24 Om de kennis te bezitten welke noodzakelijk is om ons tot toewijding aan God, met alle hieruit voortvloeiende zegeningen, te leiden, moeten wij een onderwijzer hebben. Willen andere mensen deze vereiste kennis bezitten, dan moeten zij worden onderwezen. Om gelijk onze onderwijzer te zijn, moeten wij op onze beurt anderen onderwijzen. Er bestaat voor de mensen geen andere manier om tot de aanbidding van Jehovah God en eeuwig leven geleid te worden. In 2 Petrus 3:15-18 wordt stellig aangetoond dat het niet vertrouwd is zich bij het verkrijgen van inzicht van Gods Woord op zijn eigen wijsheid te verlaten. Petrus verklaart: „Houdt de lankmoedigheid van onzen Here voor zaligheid, zoals ook onze geliefde broeder Paulus naar de hem gegeven wijsheid u geschreven heeft, evenals in alle brieven, wanneer hij over deze dingen spreekt. Daarin is een en ander moeilijk te verstaan, wat de onkundige en onstandvastige lieden tot hun eigen verderf verdraaien, evenals trouwens de overige schriften. Geliefden, daar gij het nu van te voren weet, weest op uw hoede, dat gij niet, door de dwaling der zedelozen medegesleept, afvalt van uw eigen standvastigheid; maar wast op in de genade en in de kennis van onzen Here en Heiland, Jezus Christus. Hem zij de heerlijkheid, zowel nu als tot den dag der eeuwigheid.” „Dit betekent eeuwig leven, dat zij kennis tot zich nemen van u, de enige waarachtige God, en van hem die gij hebt uitgezonden, Jezus Christus.” — Joh. 17:3, NW.

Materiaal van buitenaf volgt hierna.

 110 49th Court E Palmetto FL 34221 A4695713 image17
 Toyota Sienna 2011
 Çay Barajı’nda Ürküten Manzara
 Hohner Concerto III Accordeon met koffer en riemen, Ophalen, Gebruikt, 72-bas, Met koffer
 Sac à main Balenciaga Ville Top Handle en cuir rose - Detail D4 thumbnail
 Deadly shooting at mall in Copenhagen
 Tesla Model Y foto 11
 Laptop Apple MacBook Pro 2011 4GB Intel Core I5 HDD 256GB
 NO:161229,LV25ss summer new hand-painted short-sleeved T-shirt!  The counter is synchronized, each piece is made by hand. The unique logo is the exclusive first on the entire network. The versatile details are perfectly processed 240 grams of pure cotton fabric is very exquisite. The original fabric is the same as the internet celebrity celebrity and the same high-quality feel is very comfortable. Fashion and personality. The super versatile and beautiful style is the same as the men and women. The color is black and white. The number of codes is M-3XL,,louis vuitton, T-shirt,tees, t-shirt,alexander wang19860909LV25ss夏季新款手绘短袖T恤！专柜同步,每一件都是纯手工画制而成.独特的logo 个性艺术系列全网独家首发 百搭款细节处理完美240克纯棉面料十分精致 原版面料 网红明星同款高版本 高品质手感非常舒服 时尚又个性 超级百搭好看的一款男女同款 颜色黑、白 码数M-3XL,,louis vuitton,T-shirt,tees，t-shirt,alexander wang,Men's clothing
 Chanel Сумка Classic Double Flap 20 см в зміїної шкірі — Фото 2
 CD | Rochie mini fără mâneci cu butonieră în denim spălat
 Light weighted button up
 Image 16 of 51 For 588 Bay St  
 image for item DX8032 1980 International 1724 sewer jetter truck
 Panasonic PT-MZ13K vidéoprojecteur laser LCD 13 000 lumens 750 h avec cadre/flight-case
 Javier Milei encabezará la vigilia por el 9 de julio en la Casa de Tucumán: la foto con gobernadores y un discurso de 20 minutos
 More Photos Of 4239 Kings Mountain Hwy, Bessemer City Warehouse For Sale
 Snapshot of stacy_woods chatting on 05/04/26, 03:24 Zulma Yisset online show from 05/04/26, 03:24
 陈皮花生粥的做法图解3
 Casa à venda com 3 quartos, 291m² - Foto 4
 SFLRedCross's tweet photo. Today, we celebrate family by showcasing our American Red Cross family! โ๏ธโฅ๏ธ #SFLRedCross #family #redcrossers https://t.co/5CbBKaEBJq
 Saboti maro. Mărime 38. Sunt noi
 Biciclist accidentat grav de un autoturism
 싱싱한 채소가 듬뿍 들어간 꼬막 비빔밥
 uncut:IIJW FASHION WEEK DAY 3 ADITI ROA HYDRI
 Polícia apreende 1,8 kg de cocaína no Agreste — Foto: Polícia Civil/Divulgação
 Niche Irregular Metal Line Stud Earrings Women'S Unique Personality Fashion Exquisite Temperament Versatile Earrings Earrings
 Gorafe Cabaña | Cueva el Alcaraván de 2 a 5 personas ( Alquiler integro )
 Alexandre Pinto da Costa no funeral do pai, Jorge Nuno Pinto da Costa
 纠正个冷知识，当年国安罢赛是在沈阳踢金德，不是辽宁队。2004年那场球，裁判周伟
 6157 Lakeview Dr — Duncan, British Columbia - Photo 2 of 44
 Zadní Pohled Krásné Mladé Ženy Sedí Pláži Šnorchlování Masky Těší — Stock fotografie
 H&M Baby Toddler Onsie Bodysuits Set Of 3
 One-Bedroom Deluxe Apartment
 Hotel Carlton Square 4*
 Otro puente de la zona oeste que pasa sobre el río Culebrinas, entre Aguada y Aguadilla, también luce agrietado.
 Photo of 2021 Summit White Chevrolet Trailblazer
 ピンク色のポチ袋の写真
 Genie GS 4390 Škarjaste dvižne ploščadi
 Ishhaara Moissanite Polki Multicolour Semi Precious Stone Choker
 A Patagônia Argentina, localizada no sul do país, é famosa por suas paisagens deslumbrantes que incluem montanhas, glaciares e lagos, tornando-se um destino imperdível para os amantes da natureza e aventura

25. (a) Wat heeft iedereen met betrekking tot geestelijke behoeften nodig? (b) Hoe waardevol is de geïnspireerde Schrift?
25 Niemand op aarde kan deze kennis door eigen krachtsinspanningen verkrijgen. Iedereen heeft Gods Woord, zijn geest en ook zijn organisatie van christelijke onderwijzers nodig. Op deze manier, en door hierbij te blijven, „zult gij zowel uzelf als hen, die u horen, behouden” (1 Tim. 4:16). Dit betekent niet alleen het Woord van God te horen, maar er ook op de juiste wijze op te reageren, hetgeen omvat dat wij onze overtuiging kenbaar maken en anderen helpen dat Woord in een even grote mate te waarderen als wij dit doen. Voelt u, met dit in gedachten, niet een warme waardering jegens de mannen en vrouwen die liefdevol van huis tot huis gaan ten einde alle mensen thuis een bezoek te brengen — ongetwijfeld zijn zij ook bij u aan de deur geweest — en die onzelfzuchtig deelnemen aan het bij Christus Jezus, onze Heer, begonnen onderwijzingswerk? Wees ervan overtuigd dat „elk van God ingegeven schriftwoord . . . nuttig [is] om te onderrichten, te weerleggen, te verbeteren en op te voeden in de gerechtigheid, opdat de mens Gods volkomen zij, tot alle goed werk volkomen toegerust”. — 2 Tim. 3:16, 17.
26. (a) Gelijk wie is degene die Jezus’ woorden hoort en ze doet? (b) Welke waarde kent u het onderwijzingswerk van Jehovah’s getuigen toe?
26 „Een goed mens brengt uit den goeden schat zijns harten het goede voort. . . . Want waar het hart vol van is, daarvan spreekt de mond. . . . Een ieder, die tot Mij komt en mijn woorden hoort en ze doet, Ik zal u tonen wien hij gelijk is. Hij is gelijk aan iemand, die bij het bouwen van een huis diep gegraven en het fundament op de rots gelegd heeft. Toen een watervloed kwam en de storm tegen dat huis aansloeg, kon hij het niet aan het wankelen brengen, omdat het goed gebouwd was”, zei Jezus (Luk. 6:45-48). Laat Jehovah’s getuigen u helpen u op Gods Woord toe te leggen, en uw hart zal bovenmatig verrijkt worden.